I used to love writing poetry throughout high school, but college proved to be an intimidating place to express myself simply because of all the incredible talent and passion that surrounded me. Endless self-comparison put a damper on my drive to write creatively, and I put off writing for a long time, until I ventured into taking a creative writing class on poetry. It was there that I realized that I don't have to be an aspiring poet or an English major or specialize in the study of rhetoric to express myself through this medium. The process was what I made of it, and the end product, a poem, did not have to be for anyone else but me. After that class, after sharing my poems out loud for the first time, and after learning from the writing styles of others, I finally found the courage to pick up the pen once again and finally speak my truth. This courage has changed my outlook on writing in general and has inspired me to adopt it back into my life.

I began writing every day, and every day I would polish the previous day's poem until the words were able to convey what I felt. I almost never got it perfectly right, but that didn't matter, because the poem was mine to write, read, and enjoy. This process helped me in a variety of ways. I was able to express myself again, and I was proud of the finished product. Even when I wasn't satisfied with how my poem turned out, I was proud of my efforts. Writing poetry served as a great therapy for me because I not only had complete freedom over the subject matter of the poem, but I did not have to abide by the constraints of grammar, syntax, or rhyme. The words I chose to include and the order in which I placed them were not subject to the laws of the typical English language. In fact, some of my poems weren't even fully in English.

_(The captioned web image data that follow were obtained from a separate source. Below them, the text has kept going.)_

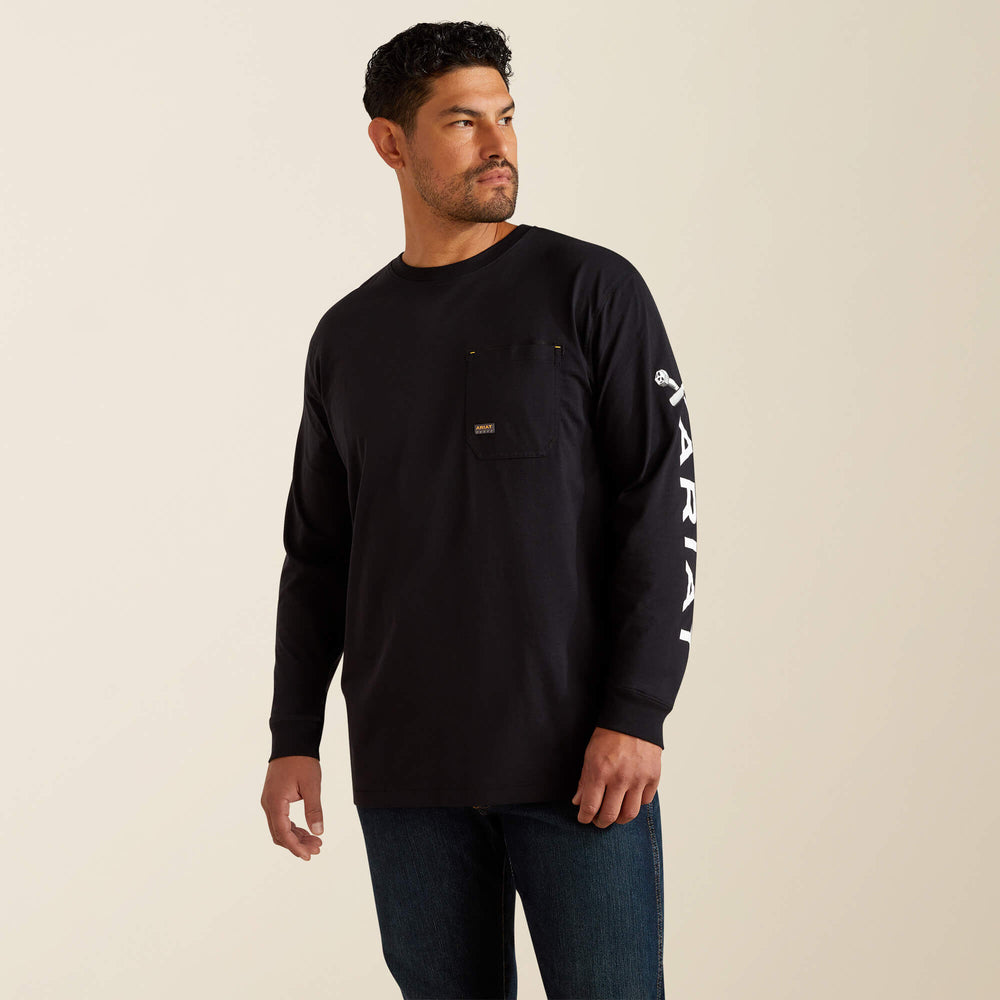 Men Rebar Workman Bolt Skull T-Shirt | Ariat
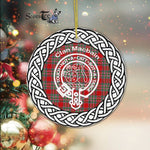 MacBain Clan Tartan Crest Badge Plaid Ornament Gift. Christmas Tree Ornament Tartan Ornament Great Christmas Ornaments Gift - Scotstee Shop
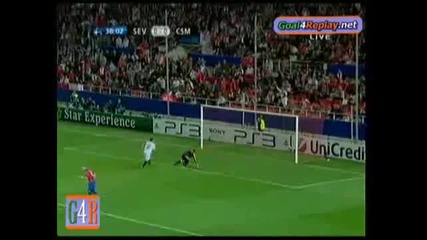 Sevilla - Cska Moskva 0 - 1 (1 - 2, 16 3 2010) 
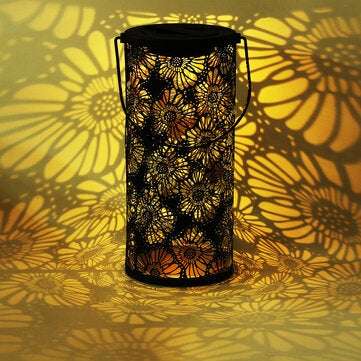 Solar Power Flower Lantern LED Lamp Garden Light Outdoor Landscape Decorative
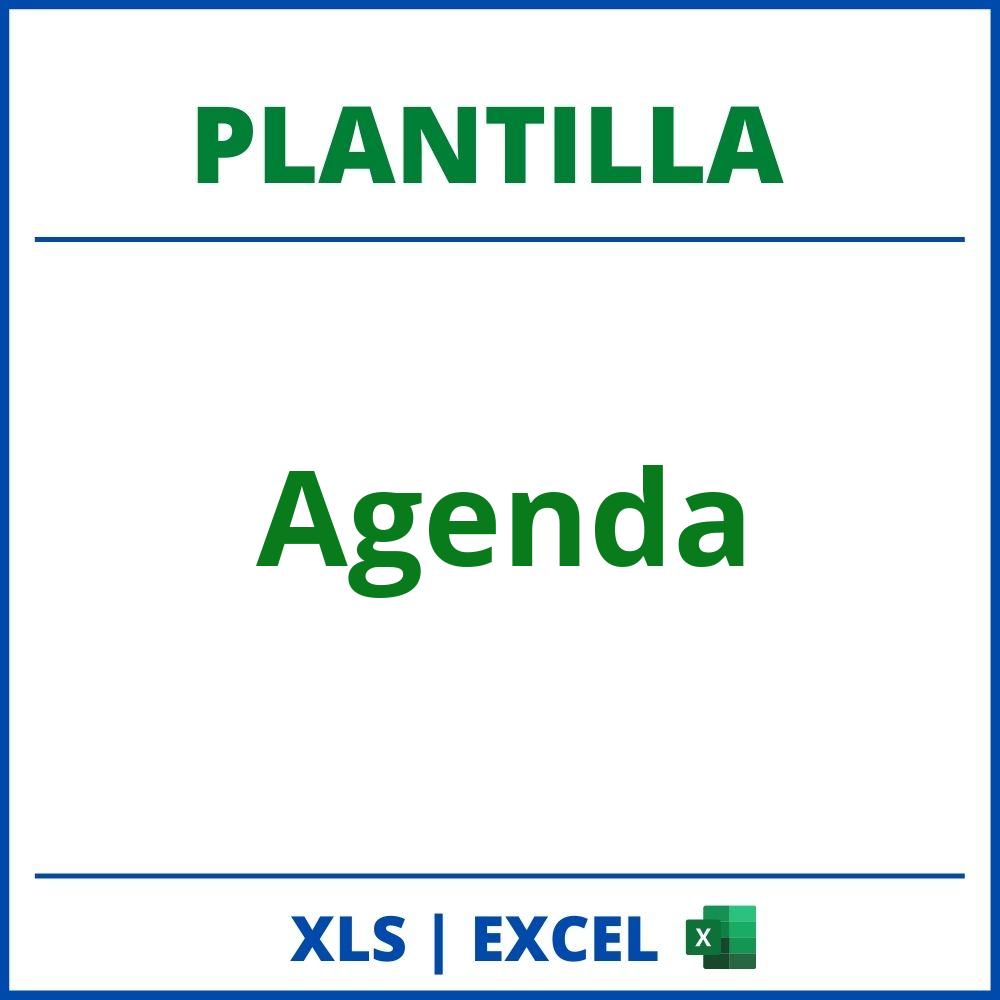 Plantilla Agenda Excel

Rekindling my creative side was one of the best things I could have done for my mental well-being and my outlook on life in general, but it wasn't enough. Thus far, my poems had been for me and me alone. Not sharing my poetry has proven to be harmful because although it has shielded me from potential hurtful opinions or embarrassment, it has also prevented me from experiencing the benefits of constructive criticism and feedback that would help me grow in the craft. The next step in my poetry-writing journey will be to start sharing my work with others. By embracing the criticism and evolving my style, I might be able to one day call myself a poet.